Large-Batch Training for LSTM and Beyond
You, Yang
and
Hseu, Jonathan
and
Ying, Chris
and
Demmel, James
and
Keutzer, Kurt
and
Hsieh, Cho-Jui
arXiv e-Print archive - 2019 via Local Bibsonomy
Keywords:
dblp
Often the best learning rate for a DNN is sensitive to batch size and hence need significant tuning while scaling batch sizes to large scale training. Theory suggests that when you scale the batch size by a factor of $k$ (in the case of multi-GPU training), the learning rate should be scaled by $\sqrt{k}$ to keep the variance of the gradient estimator constant (remember the variance of an estimator is inversely proportional to the sample size?).
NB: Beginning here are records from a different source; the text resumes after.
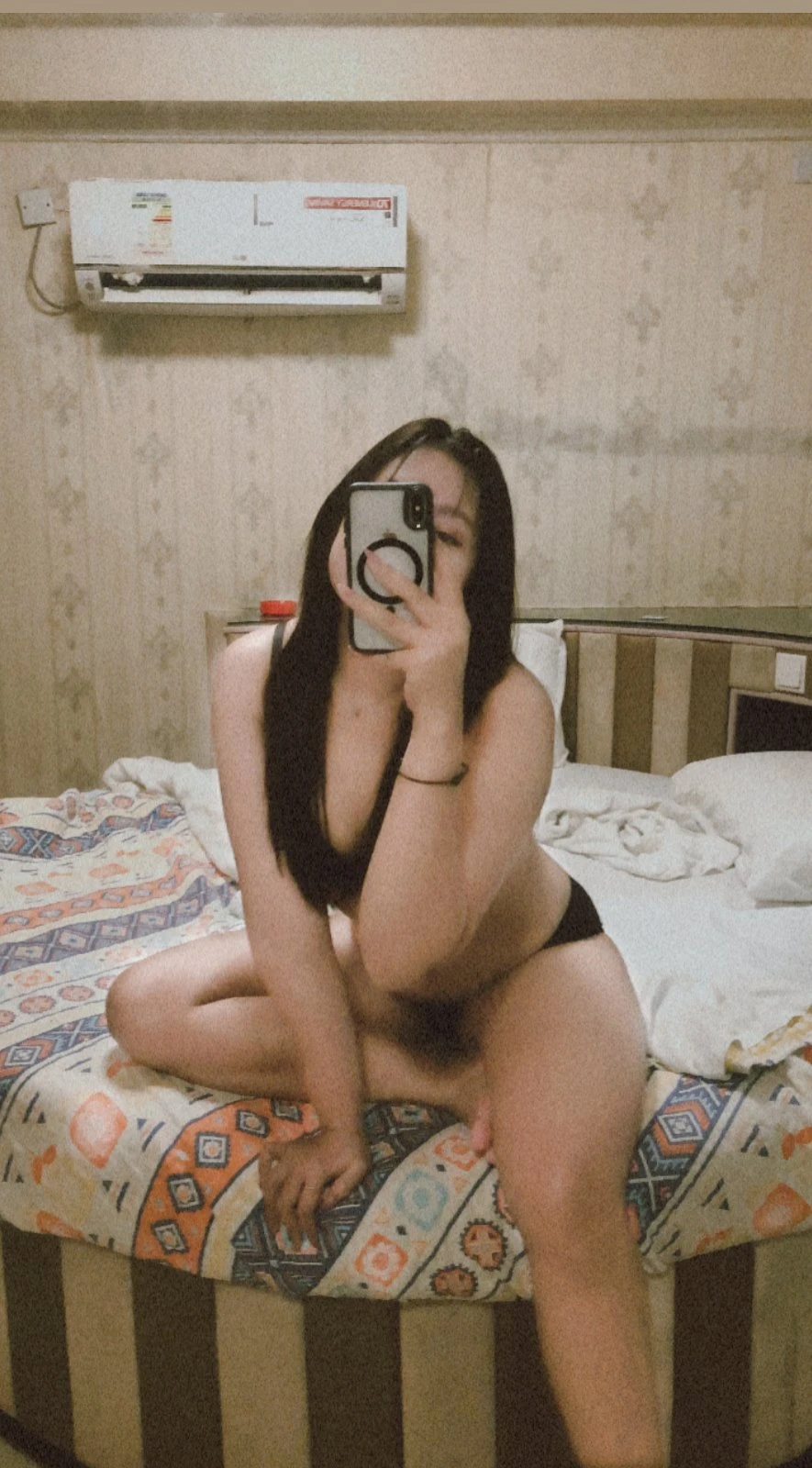 Bee – Indonesian escort in Hong Kong, Escort, Hong Kong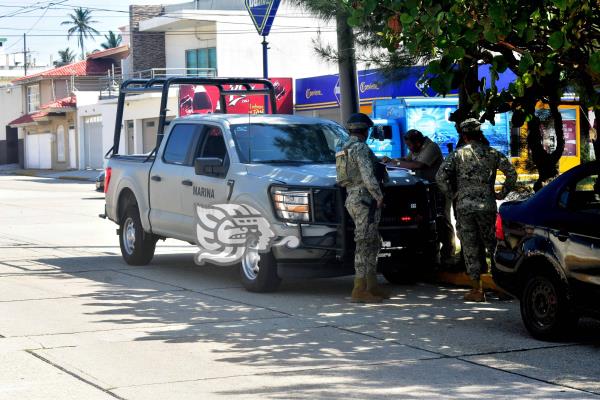 En Coatzacoalcos, patrulla de Semar choca con particular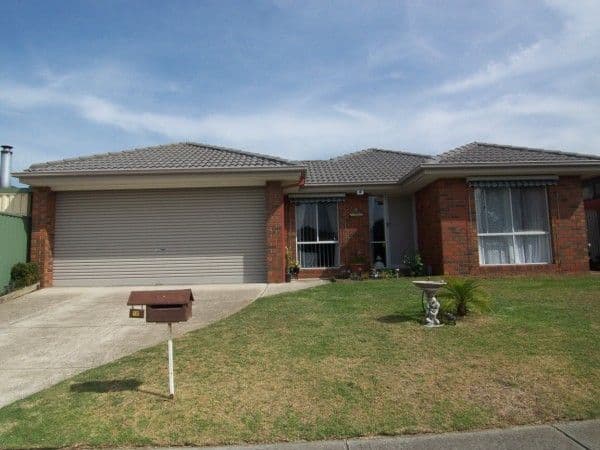 10 Flying Star Walk, SKYE VIC 3977, Skye - Image 1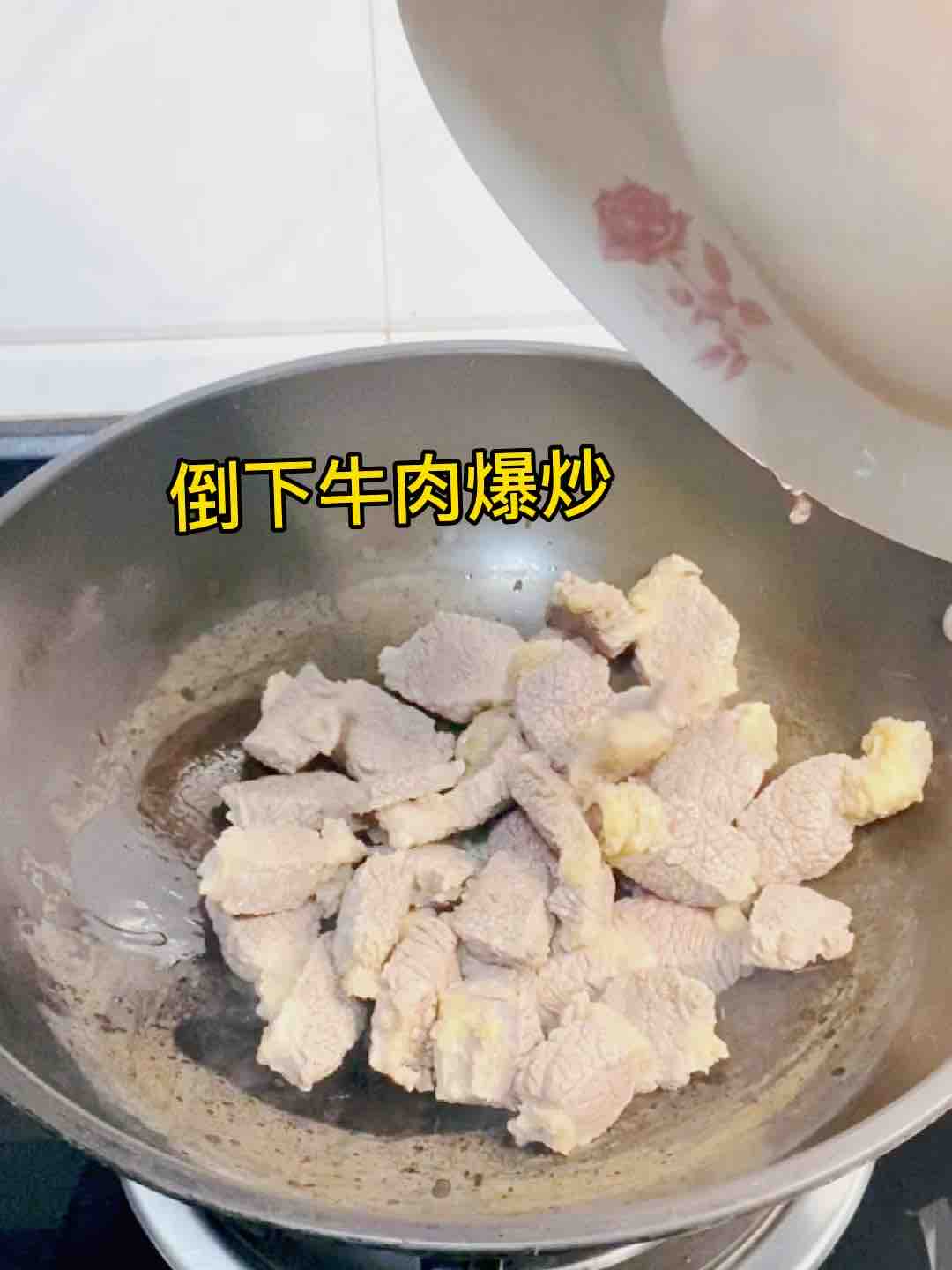 爆香红烧牛肉焖土豆，这样煮??一锅都不够的做法-家常味酱菜谱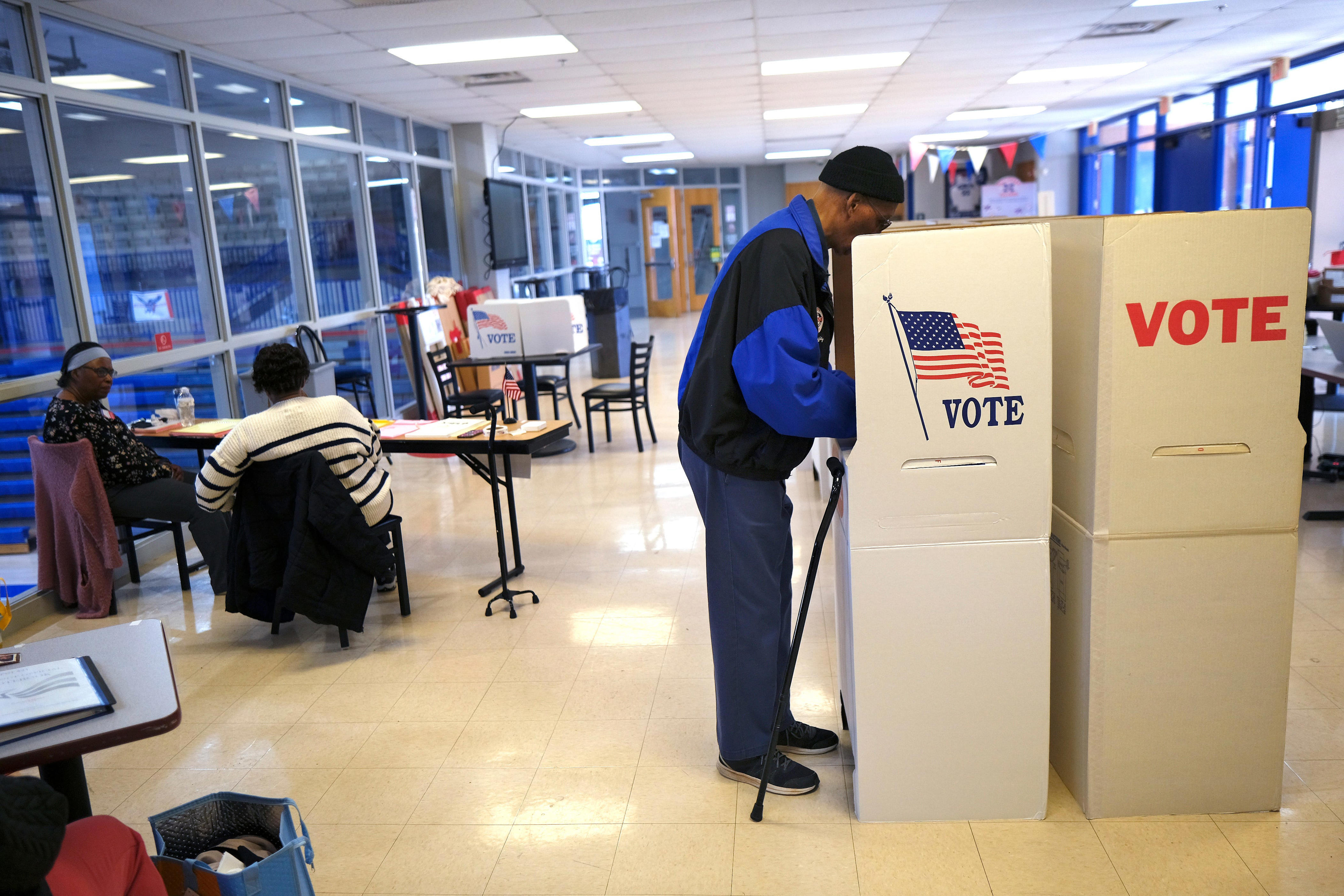 Oklahoma Republican Turnout Rises While Democratic Numbers Plummet From   BB1jovkp.img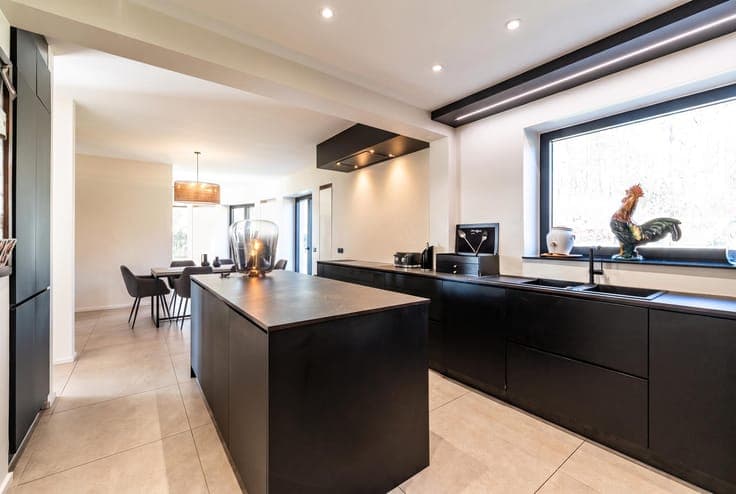LASNE – Beautiful VILLA (5BR/4BA) fully renovated in 2021.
But in practice, often linear learning rate scaling works better (i.e. scale learning rate by $k$), with a gradual warmup scheme.
This paper proposes a slight modification to the existing learning rate scheduling scheme called LEGW (Linear Epoch Gradual Warmup) which helps us in bridging the gap between theory and practice of large batch training.
The authors notice that in order to make square root scaling work well in practice, one should also scale the warmup period (in terms of epochs) by a factor of $k$. In other words, if you consider learning rate as a function of time period in terms of epochs, scale the periodicity of the function by $k$, while scaling the amplitude of the function by $\sqrt{k}$, when the batch size is scaled by $k$. The authors consider various learning rate scheduling schemes like exponential decay, polynomial decay and multi-step LR decay and find that square root scaling with LEGW scheme often leads to little to no loss in performance while scaling the batch sizes. In fact, one can use SGD with LEGW with no tuning and make it work as good as Adam.
Thus with this approach, one can tune the learning rate for a small batch size and extrapolate it to larger batch sizes while making use of parallel hardwares.